Si por algo se caracteriza la gastronomía en la Península es gracias a miles de años de historia y decenas de pueblos que con sus culturas han importado o modificado cada una de las recetas. Consiguiendo infinidad de variaciones de una misma receta según se situaran en los distintos puntos cardinales de nuestro país.

Si hay un lugar en España donde más nos podemos encontrar este caso, esa es la bella Córdoba. Una de las ciudades más ricas en cuanto legado histórico y monumental, que ve también influenciada en su cocina.

Prepárate para disfrutar de los mejores platos mientras que conoces la magia que envuelve toda la ciudad.

Reconocer las influencias por los ingredientes de cada plato

Es fácil reconocer las diferentes culturas que sintieron la ciudad andaluza como su propio hogar. Si nos fijamos en su arquitectura monumental, podremos observar que, por ejemplo, la Mezquita encierra la cultura islámica y cristiana. Y si nos fijamos en su arqueología, veremos los pasos de la civilización romana. Así llegamos a sus tres grandes influencias:

Influencia romana

Hay consciencia de que los romanos llegaron a Córdoba en el año 143 a. C, pues la ciudad fue sitiada por Viriato. Ya en el año 113 a. C la villa se identificaba como romana, ya que hay escritos que mencionan que disponía de un foro romano.

Durante el tiempo que se mantuvieron la ocupación se encargaron de introducir el uso de aceite de oliva, que con tanta devoción se le prodiga en esta tierra, que son la base de lo que a día de hoy se conoce como dieta mediterránea.

Influencia árabe:

En el 716 Córdoba se convierte en la capital de provincia del Califato de Damasco. Qué más tarde, en 929 pasara a llamarse el Califato de Córdoba, alcanzando así la ciudad su máximo apogeo demográfico.

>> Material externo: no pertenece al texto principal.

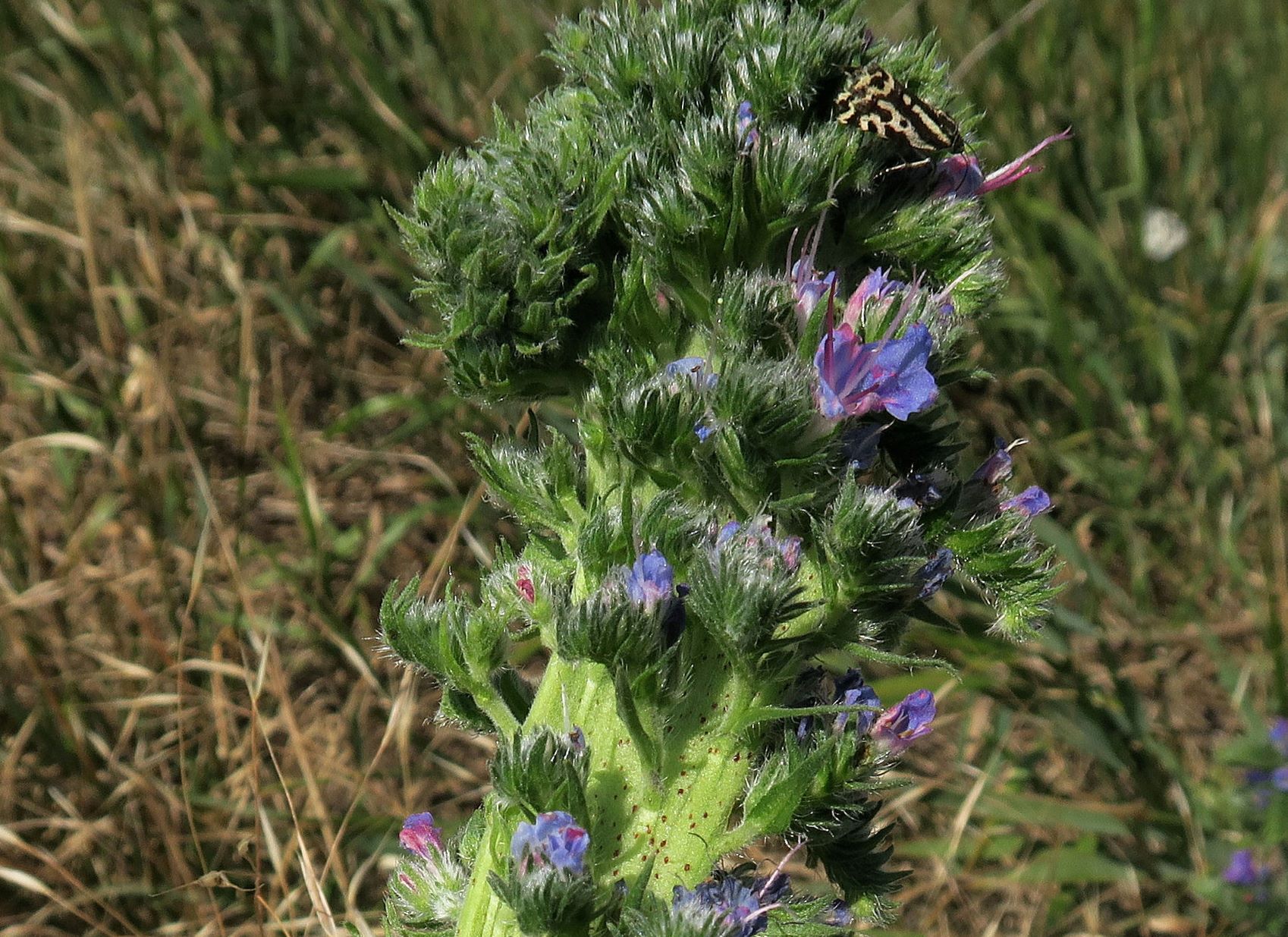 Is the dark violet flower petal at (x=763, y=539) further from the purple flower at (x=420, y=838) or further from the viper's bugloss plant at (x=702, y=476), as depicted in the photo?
the purple flower at (x=420, y=838)

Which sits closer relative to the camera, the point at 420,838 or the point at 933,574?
the point at 933,574

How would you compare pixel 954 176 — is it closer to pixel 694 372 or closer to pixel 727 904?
pixel 694 372

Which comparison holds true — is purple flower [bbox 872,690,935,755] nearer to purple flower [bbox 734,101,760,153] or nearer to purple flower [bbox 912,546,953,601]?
purple flower [bbox 912,546,953,601]

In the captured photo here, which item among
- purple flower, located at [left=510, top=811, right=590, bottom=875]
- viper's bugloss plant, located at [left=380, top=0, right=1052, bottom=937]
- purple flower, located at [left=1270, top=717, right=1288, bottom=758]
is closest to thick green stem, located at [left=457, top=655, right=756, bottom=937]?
viper's bugloss plant, located at [left=380, top=0, right=1052, bottom=937]

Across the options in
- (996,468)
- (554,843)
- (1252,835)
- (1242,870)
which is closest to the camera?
(554,843)

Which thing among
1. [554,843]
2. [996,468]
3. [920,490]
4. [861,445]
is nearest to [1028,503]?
[996,468]

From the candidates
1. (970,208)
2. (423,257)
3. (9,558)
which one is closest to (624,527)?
(423,257)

Podemos comprobar la herencia que dejaron a la comida en el uso de añadir a las comidas distintos frutos secos y especias. Así como el gusto por la verdura y la mezcla de sabores agridulces. Así como distintos postres que también influyeron en las costumbres judías culinarias.

Influencia cristiana:

En 1235 el rey Fernando III, rey de Castilla empezó a llevar a cabo lo que finalmente acabaría Isabel la Católica en 1492, la reconquista del reino de al-Ándalus. Algo que empezó en Córdoba con la captura de un grupo de musulmanes en el Andújar.

A los cristianos se debe todo el empleo de las carnes y el mejorar y conservar las recetas tradicionales que las diferentes culturas trajeron a la ciudad.

¿Qué pedir?

Platos típicos cordobeses: Salmorejo Cordobés, boquerones en vinagre, rabo de toro, flamenquín de jamón serrano y de postre, el pastel cordobés. Todo esto regado con sus mejores vinos y licores.

Un viaje del que irte con un gran sabor de boca.